19(1) No person shall be qualified for election to a House of Assembly if-

(e) being a person employed in the public service of the Federation or of any State, or of any Local Government or Area Council, he has not resigned, withdrawn or retired from the employment at least 30 days to the date of the election or” …” (Italics mine)

It is not in dispute that the appellant was a person employed in the public service of the Local Government of Igboeze North. This point is conceded by both sides. The question for consideration before the tribunal and therefore before this court is whether “he has not resigned, withdrawn or retired from the employment at least 30 days to the date of the election”. Whether he has or has not done the above is a matter of evidence. The onus was on the respondent who was the petitioner in the tribunal to prove that the appellant had not resigned, withdrawn or retired from the said employment. Exh. 1 with the endorsement “resignation accepted” would have gone a long way in proving the resignation of the appellant.

There is however, abundant evidence in the record, the effect of which detracted seriously from the probative value of Exh.1. At page 27 of the record, P.W.1 Emmanuel Ugu Madu, a Director of Personnel at the Local Government Service Commission Enugu testified in part as follows:

“A staff of the Local Government Service Commission can only resign his appointment by giving one month notice of intention to resign or pays one month salary in lieu of notice. The 1st respondent (now appellant) did not do any of the above. As is (sic) to say he did not give one month notice or paid one month salary in lieu of notice”.

(words in the bracket supplied by me).

Exh.2 which is the payroll for December 1998 contains the name of the appellant – see pages 28-29 of the record. Under the cross-examination of P.W.3 he however said that the reason why the appellant did not claim his December salary was that he had resigned his appointment with the Local Government. In another breadth the same witness (P.W.3) said that “As a cashier it is not known that Peter S. Ali has resigned.” On resumption of his evidence P.W.1 testified as follows at page 36 of the record:

“The commission has not accepted that the 1st respondent (now appellant) has resigned. He did not pay one month salary in lieu of notice.

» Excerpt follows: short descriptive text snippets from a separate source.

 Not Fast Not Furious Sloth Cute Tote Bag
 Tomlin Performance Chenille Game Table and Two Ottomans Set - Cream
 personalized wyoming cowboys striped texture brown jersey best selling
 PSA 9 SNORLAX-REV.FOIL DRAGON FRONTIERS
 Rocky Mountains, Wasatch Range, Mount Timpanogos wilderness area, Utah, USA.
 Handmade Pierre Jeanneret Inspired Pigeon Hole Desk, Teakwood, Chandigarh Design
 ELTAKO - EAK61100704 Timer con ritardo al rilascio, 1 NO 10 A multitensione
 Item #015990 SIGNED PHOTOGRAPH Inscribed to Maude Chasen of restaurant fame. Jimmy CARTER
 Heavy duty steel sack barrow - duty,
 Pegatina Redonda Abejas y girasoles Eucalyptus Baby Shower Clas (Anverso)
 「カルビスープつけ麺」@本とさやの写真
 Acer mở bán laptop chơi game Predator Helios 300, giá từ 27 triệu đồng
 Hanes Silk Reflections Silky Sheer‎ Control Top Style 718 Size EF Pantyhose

And he did not give one month notice either”. (Words in bracket supplied by me).

Under cross-examination, P.W.1 said as follows:

“There (sic) is no where in the letter Exh. 1 that the 1st respondent (now appellant) was giving one month notice to the commission or to Igboeze North Local Government…

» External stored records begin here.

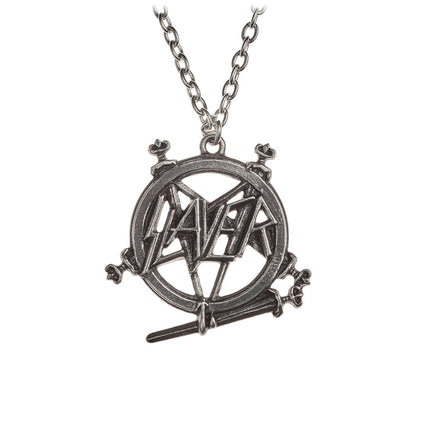 Slayer: Pentagram Logo Necklace- close up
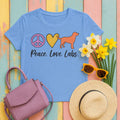 Peace Love Labs Labrador T-Shirt in Carolina Blue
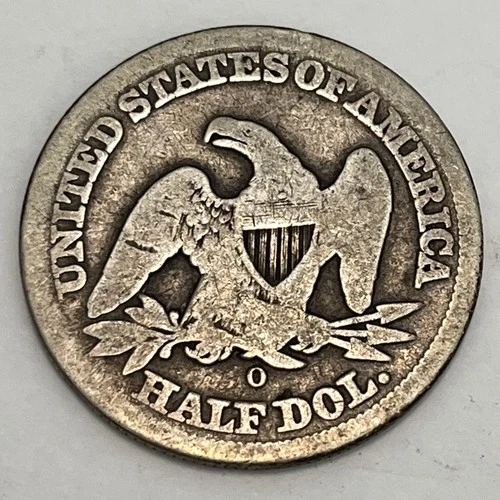 Photo of a 1855-O Seated Liberty Half Dollar from an eBay listing that sold on Jul 21, 2026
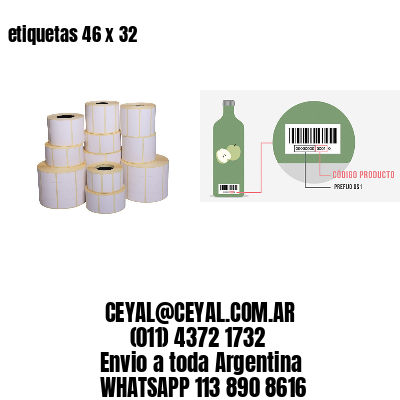 etiquetas 46 x 32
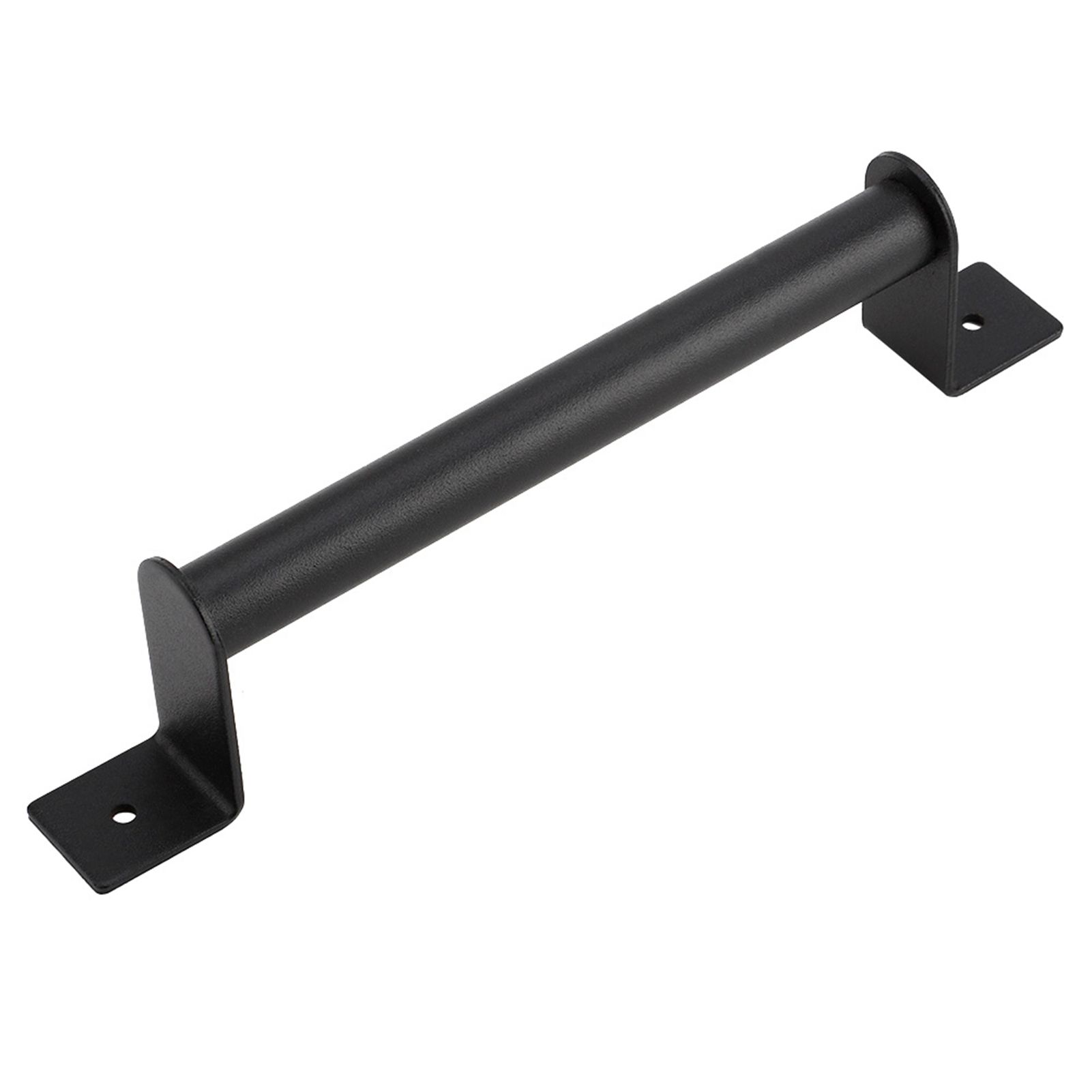 Black Heavy Duty Carbon Steel Pull Handle for Sliding Barn Door Closet Wooden view 4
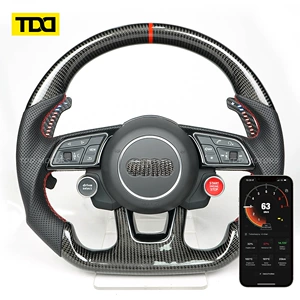 Applicable to Audi S/RS models carbon fiber LED shift paddles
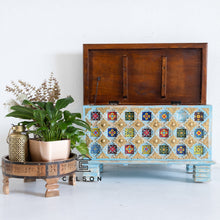 Load image into Gallery viewer, Zoe_Solid Wood Coffee Table_Storage Trunk_Rustic Blue_Available in 3 sizes
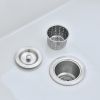 Fireclay 36&quot; L X 20&quot; W Farmhouse Kitchen Sink with Grid and Strainer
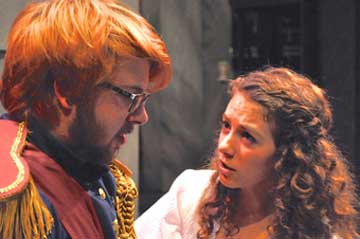 Alexander Ross and Emma Franzel rehearse for "A Dream Play"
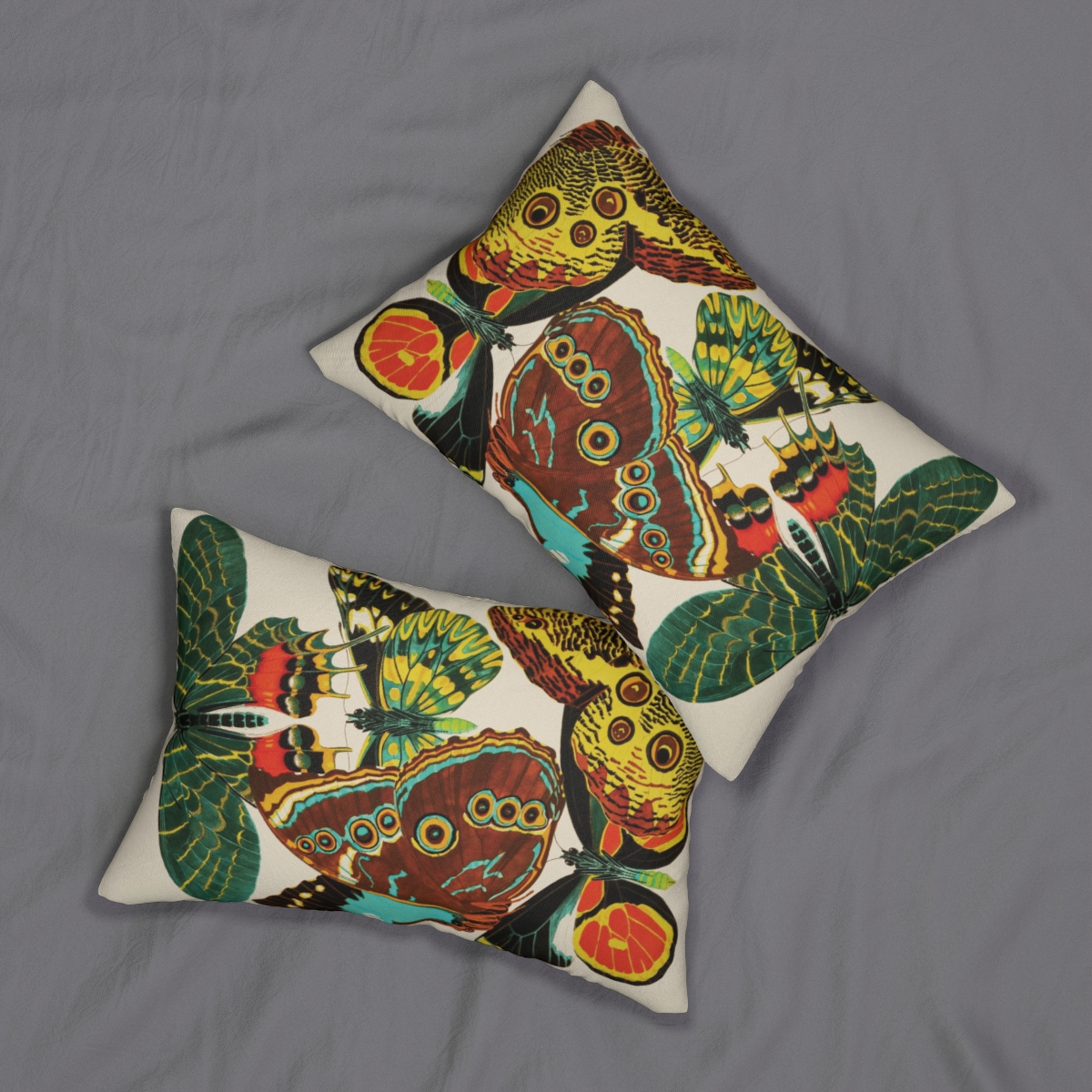 Butterfly Art EA Seguy Papillons Pl.2 Lumbar Pillow - Water & Mildew Resistant - Image 4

If the 1st respondent (appellant) has paid one month salary in lieu of notice I should know because he would have mentioned it in his letter or resignation.” (Words in bracket supplied by me).

From the above evidence it is clear that Exh.1 is either a ruse or has no evidence value in proof of the fact that the appellant has resigned his appointment.

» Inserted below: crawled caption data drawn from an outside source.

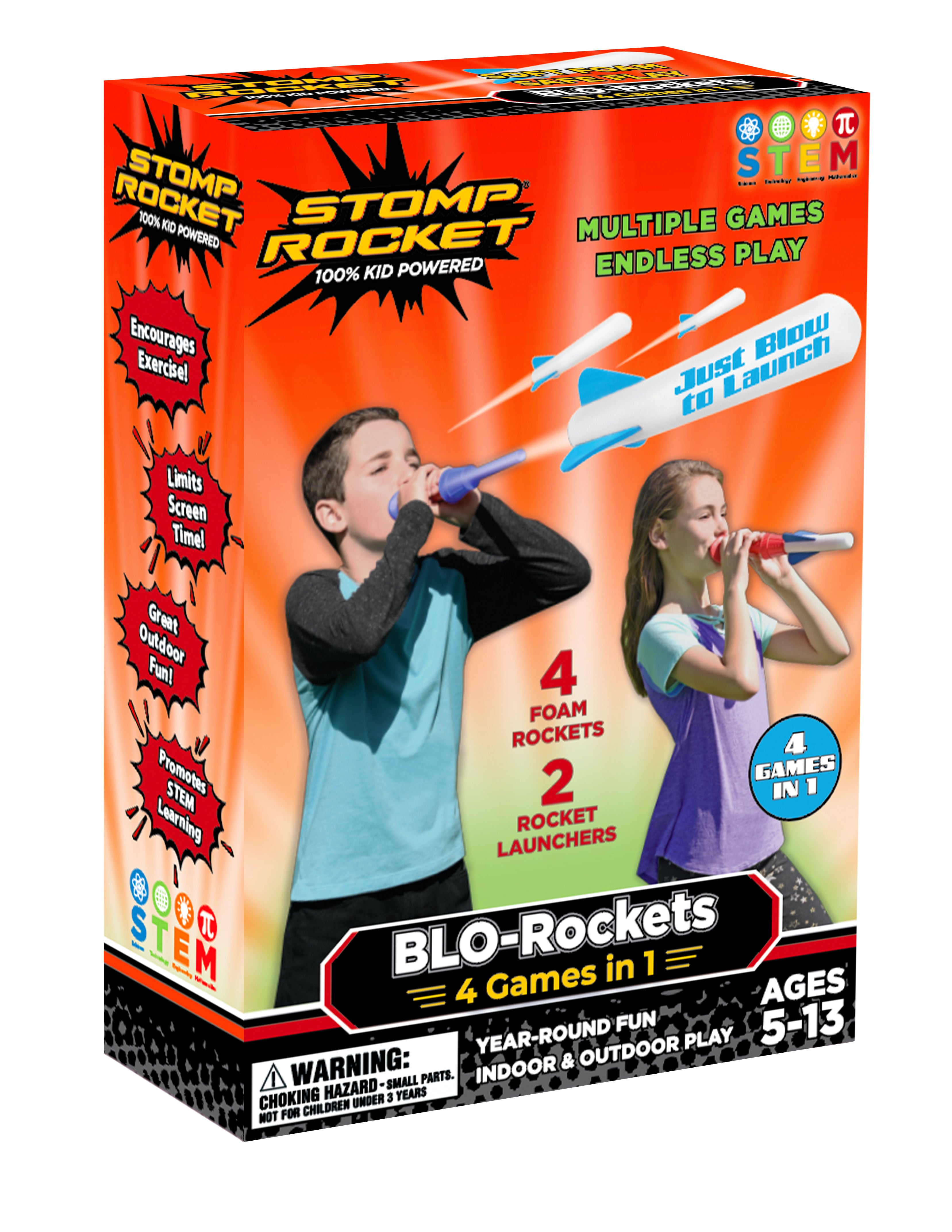 Stomp Rocket BLO-Rockets - High Flying Toy Foam Blaster Set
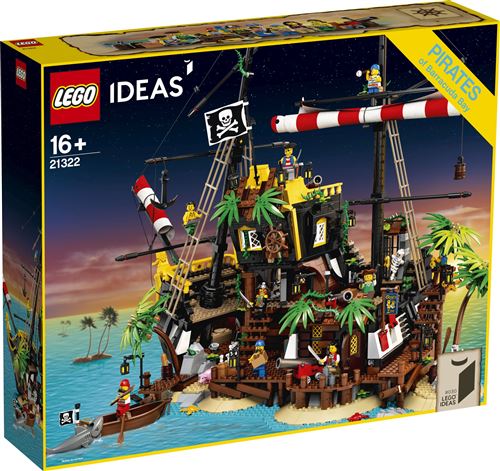 LEGO® Ideas 21322 Les pirates de la baie de Barracuda État correct - LEGO Ideas reconditionné disponible sur Fnac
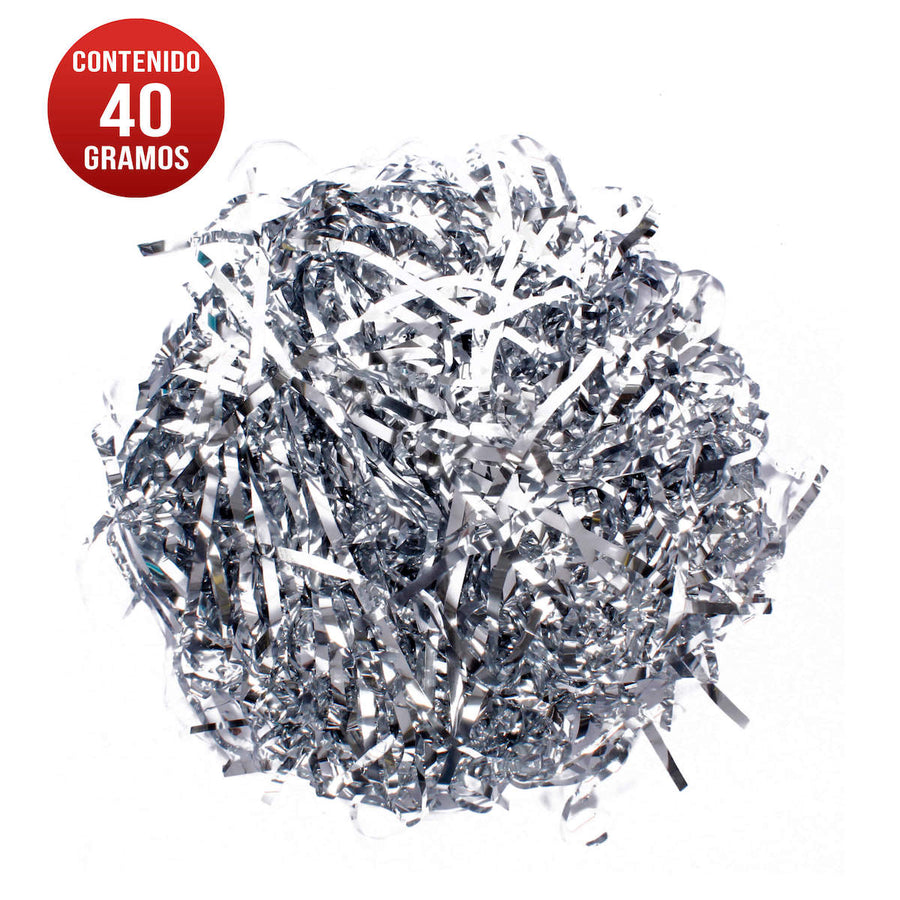 Art.223 Papel Triturado Métalico 40g 1pz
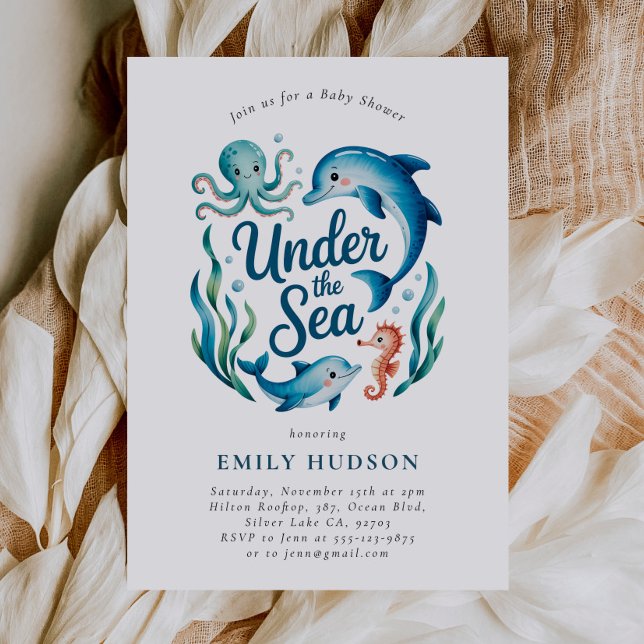 Under The Sea Ocean Baby Shower Invitation (Creator Uploaded)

The tribunal considered all the facts before it and came to the conclusion that there was not a valid resignation of the appellant from the services of the Igboeze North Local Government. I have no reason to disturb that conclusion which the tribunal arrived at.

Let me make an observation on a point of law which learned counsel on both sides did not avert their minds to and therefore was not considered by the tribunal. Section 19(1)(e) provides that a candidate for the election is disqualified if “he has not resigned, withdrawn or retired from the employment”. (underlining mine). Nobody considered what withdrawing from an employment amounts to. The use of the word “withdrawn” in the Decree is not for fancy nor is it a “window dressing” with due apologies to counsel for the appellant. All the parties concentrated on resignation and paying one month’s salary in lieu of notice. What does withdrawing from a service means? Must a servant give notice or pay one month’s salary in lieu of notice in order to withdraw from an employment? I have raised this point in order to agitate counsel’s mind on a future occasion. Since however it was not raised in the tribunal and not made an issue here it remains a non issue.

In the final analysis, this appeal fails and is hereby dismissed with N3,000 costs to the respondent. The order for a fresh election as ordered by the tribunal is hereby affirmed.